Exercise ::
Please reproduce the entries exactly as they appear below, but not the pictures.

····················

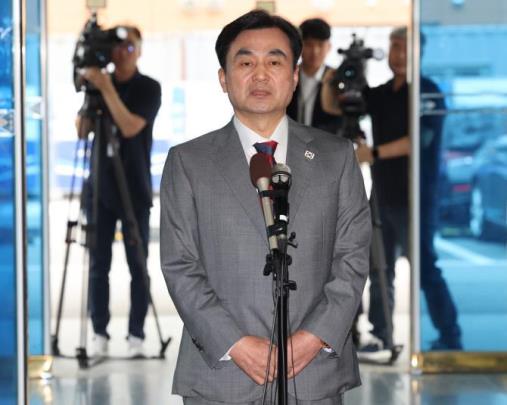 답변하는 안규백 후보자 <사진=연합뉴스>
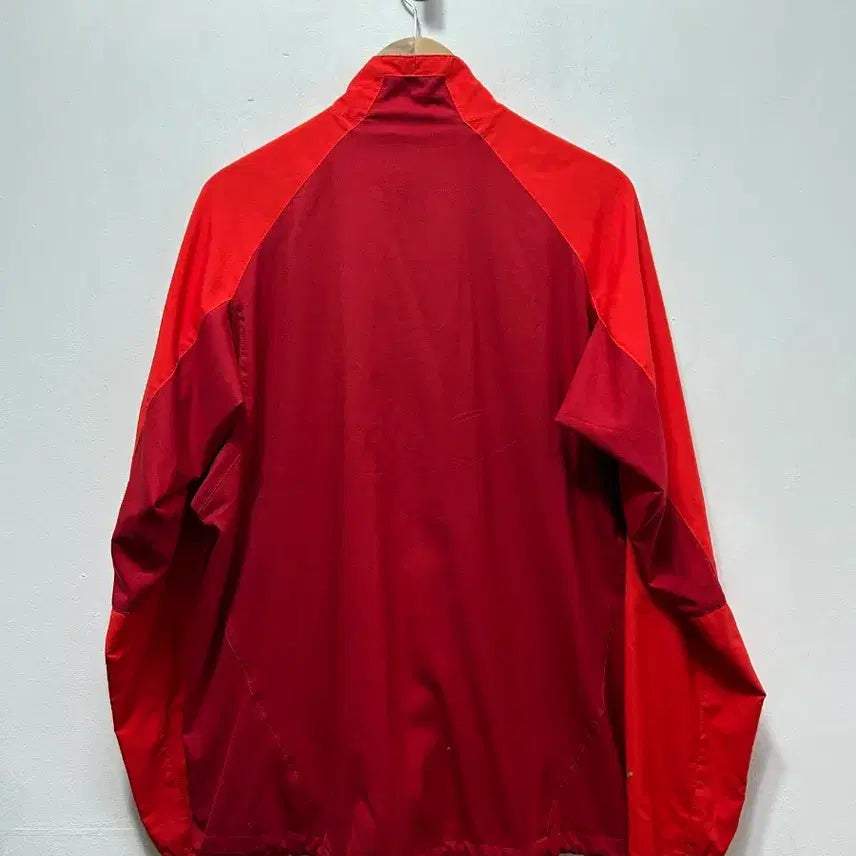 [SOLD OUT] 푸마 레드 컬러 바람막이 자켓 집업 100사이즈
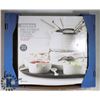 Image 1 : TOKES 23PC FONDUE SET WITH LAZY SUSAN.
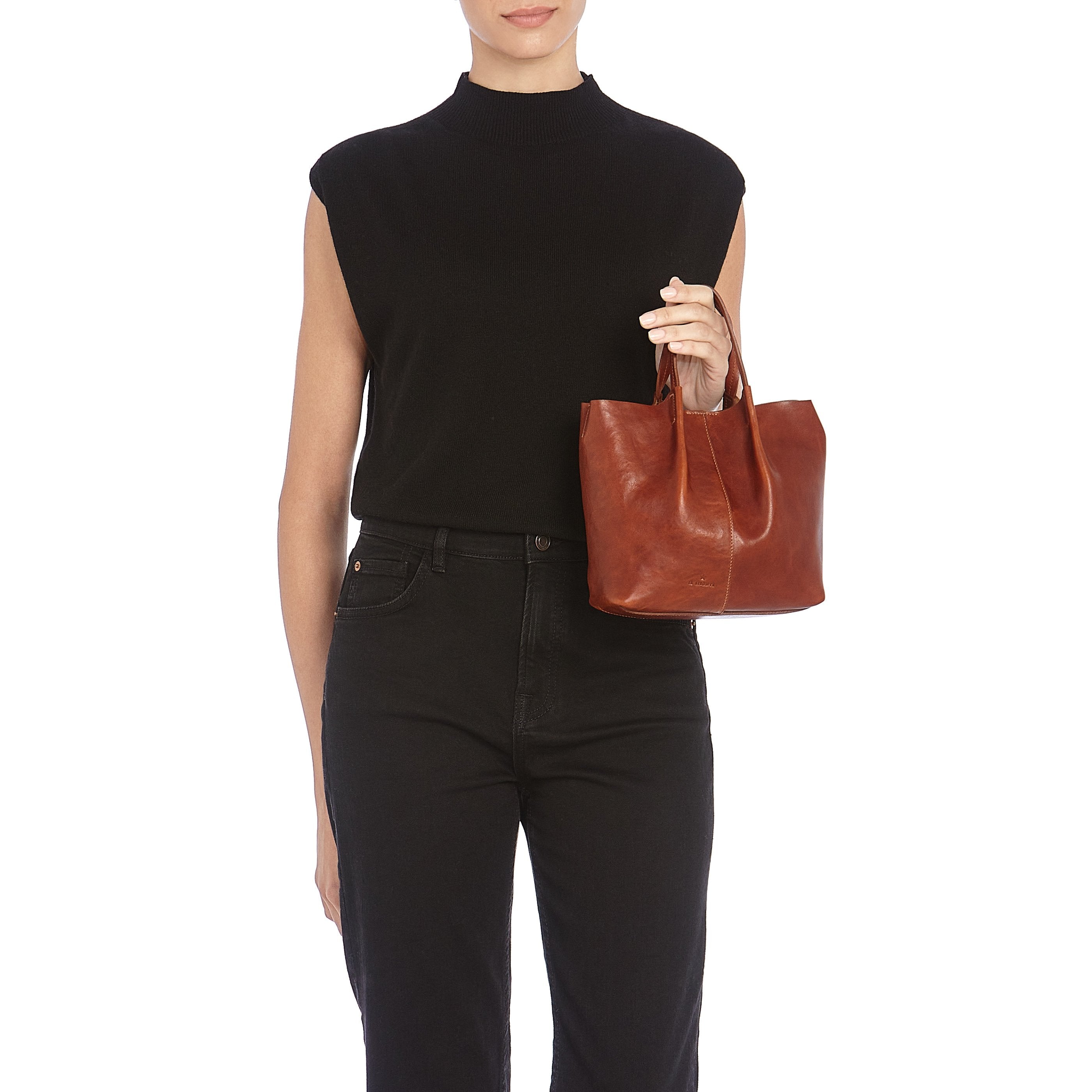 Nina | Women's crossbody bag in vintage leather color sepia — 
product detail view
 — 5 of 8
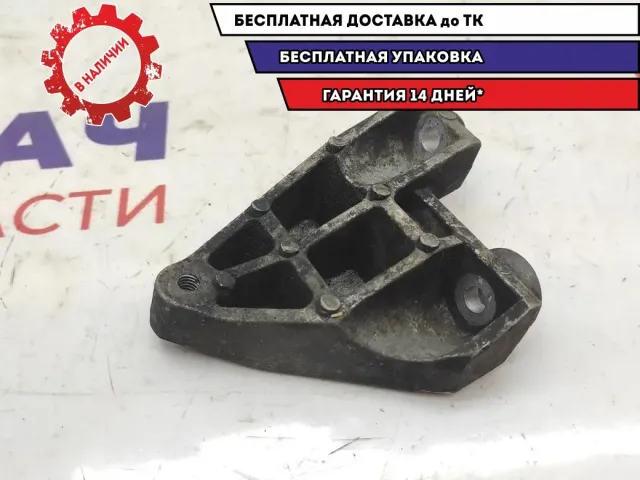 Кронштейн генератора Chevrolet Lacetti 96490467.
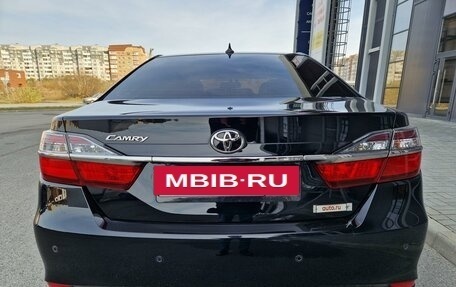 Toyota Camry, 2017 год, 2 830 000 рублей, 6 фотография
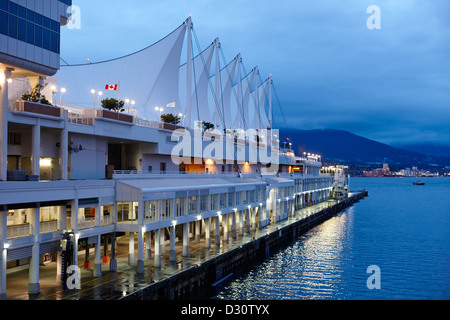 Canada Place Cruise Terminal vancouver al crepuscolo BC Canada Foto Stock
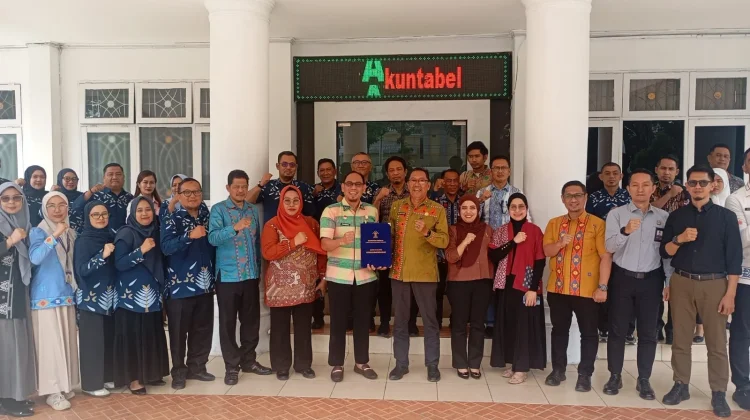 Kemenkum Sultra Harmonisasi Raperda Kolaka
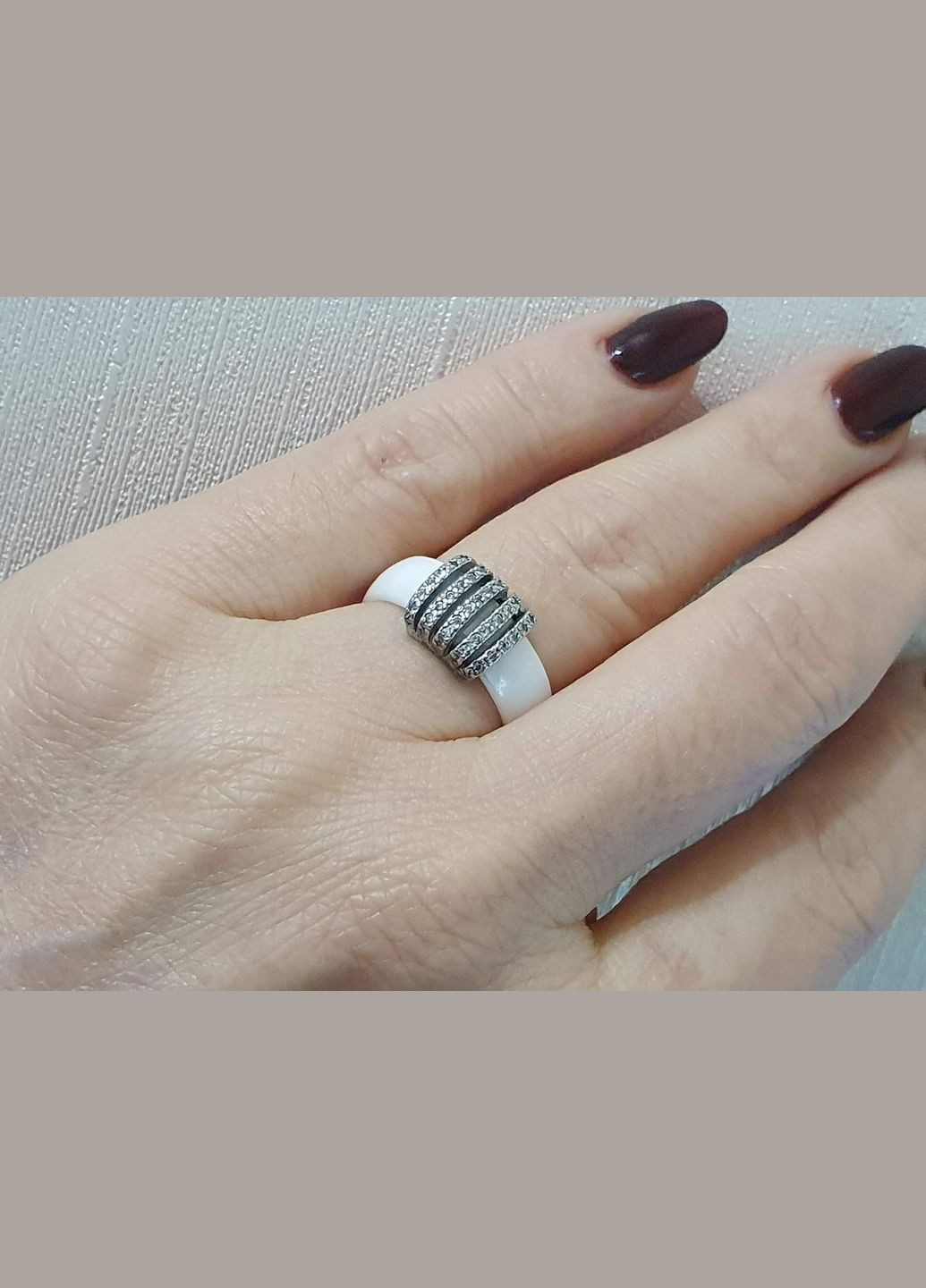 Срібне кільце з керамікою і фіанітами. С1120Б Aurora (315832221)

····················

Task response ::
 답변하는 안규백 후보자 <사진=연합뉴스>
 [SOLD OUT] 푸마 레드 컬러 바람막이 자켓 집업 100사이즈
 Image 1 : TOKES 23PC FONDUE SET WITH LAZY SUSAN.
 Nina | Women's crossbody bag in vintage leather color sepia — 
product detail view
 — 5 of 8
 Кронштейн генератора Chevrolet Lacetti 96490467.
 Toyota Camry, 2017 год, 2 830 000 рублей, 6 фотография
 Canada Place Cruise Terminal vancouver al crepuscolo BC Canada Foto Stock
 Kemenkum Sultra Harmonisasi Raperda Kolaka
 Срібне кільце з керамікою і фіанітами. С1120Б Aurora (315832221)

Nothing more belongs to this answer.